Although XML files can include other XML files by enabling XInclude on the SAXParserFactory, this does not currently give correct location within included files.  See XERCESJ-1247.   

Tuesday, 5 April 2011

How to Process Large XML Documents Using XSLT

In the previous post I showed how to the the DOM Load and Save API (org.w3c.dom.ls) to process small parts of a larger XML document as DOM fragments.

A great use for this technique is to apply an XSLT transformation to a potentially huge XML document.  Normally it is not possible to use XSLT on large documents without having enough memory available to read the whole document into a DOM before any transformation is performed.  However, by performing the transformation on each item in the XML as it is found, we will only require enough memory to hold one item at a time.

Let's re-use the ProcessingFilter from the previous post and create a new ElementProcessor to do XSLT transformations:

public class XsltElementProcessor implements ElementProcessor {

    private final Transformer transformer;
    private final StreamResult streamResult;

    public XsltElementProcessor(String xsltFilename,
                OutputStream outputStream)
            throws TransformerConfigurationException,
                FileNotFoundException
    {
        this.streamResult = new StreamResult(outputStream);

        TransformerFactory transformerFactory =
            TransformerFactory.newInstance();
        Reader reader = new BufferedReader(new FileReader(xsltFilename));
        Source source = new StreamSource(reader, xsltFilename);
        Templates templates = transformerFactory.newTemplates(source);

        // Hint: The Templates can be shared between threads,
        // Transformer can not.
        this.transformer = templates.newTransformer();
        transformer.setOutputProperty("omit-xml-declaration", "yes");
    }

    @Override
    public void process(Element element) throws TransformerException {
        DOMSource domSource = new DOMSource(element);
        transformer.transform(domSource, streamResult);
    }
}
 Now we re-work our code to create HTML table rows for an RSS feed:
    DOMImplementationRegistry registry = DOMImplementationRegistry
            .newInstance();
    DOMImplementationLS domImpl = (DOMImplementationLS) registry
            .getDOMImplementation("XML 1.0 LS 3.0");

    ElementProcessor processor =
            new XsltElementProcessor("itemToRow.xsl", System.out);
    ProcessingFilter filter = new ProcessingFilter(processor, "item");

    LSParser parser = domImpl.createLSParser(
            DOMImplementationLS.MODE_SYNCHRONOUS, null);
    parser.setFilter(filter);
    LSInput input = domImpl.createLSInput();

    URL url = new URL("http://news.google.com/?output=rss");
    InputStream inputStream = new BufferedInputStream(url.openStream());
   
    try {
        input.setByteStream(inputStream);

        System.out.println("<html><body><table><tr><th>Title</th>" +
                "<th>Category</th><th>Date</th></tr>");
        parser.parse(input);
        System.out.println("</table></body></html>");

        Exception ex = filter.getProcessingException();
        if (ex != null){
            throw ex;
        }
    }
    finally {
        inputStream.close();
    }
OK, the way I have output the XML that wraps our transformed items is output is a bit crumby, but this might just do.  If we wanted to be a bit more clever we could perhaps create another filter.  One that when used to output a template XML document, removes a place holder element and replaces it with the results of our transformations.

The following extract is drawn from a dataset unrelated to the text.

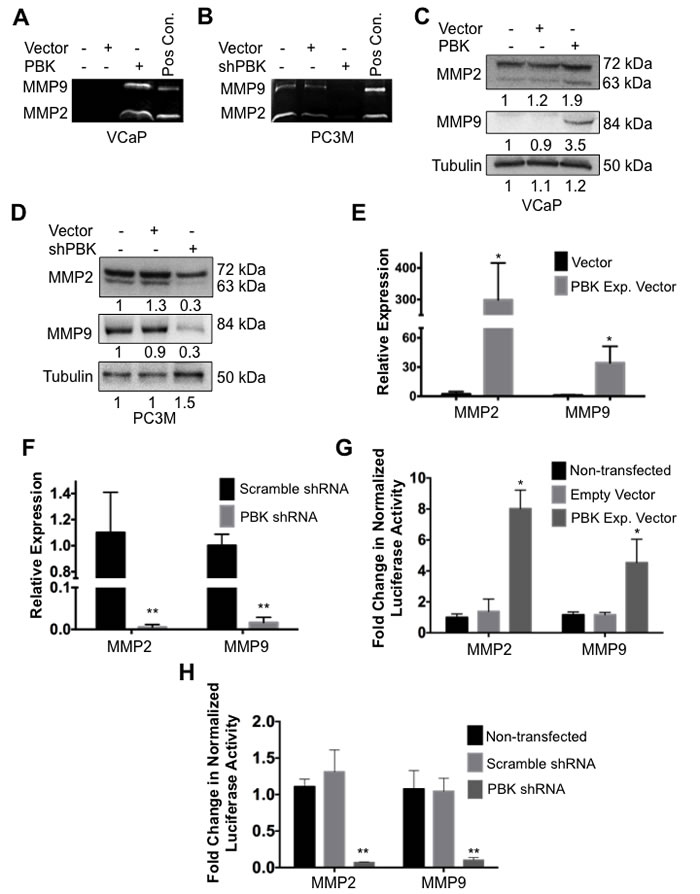 fig3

And finally a basic "itemToRow.xsl":
    <xsl:stylesheet
             xmlns:xsl="http://www.w3.org/1999/XSL/Transform" version="1.0">
        <xsl:output method="html" indent="yes" encoding="UTF-8"/>       
        <xsl:template match="/item">
            <xsl:variable name="href">
                <xsl:value-of select="link"/>
            </xsl:variable>
            <tr>
               <td><a href="{$href}"><xsl:value-of select="title"/></a></td>
                <td><xsl:value-of select="category"/></td>
                <td><xsl:value-of select="pubDate"/></td>
            </tr>
        </xsl:template>
   
    </xsl:stylesheet>

Monday, 4 April 2011

What is the DOM Load and Save API (org.w3c.dom.ls) and what is it good for?

org.w3c.dom.ls is one of those enigmatic packages listed at the end of the standard Java 1.6 APIs.  The Javadoc has few clues as to what is for, and no examples showing you how to use it.  This is a shame because it is really useful if you want to use DOM to deal with very large XML documents.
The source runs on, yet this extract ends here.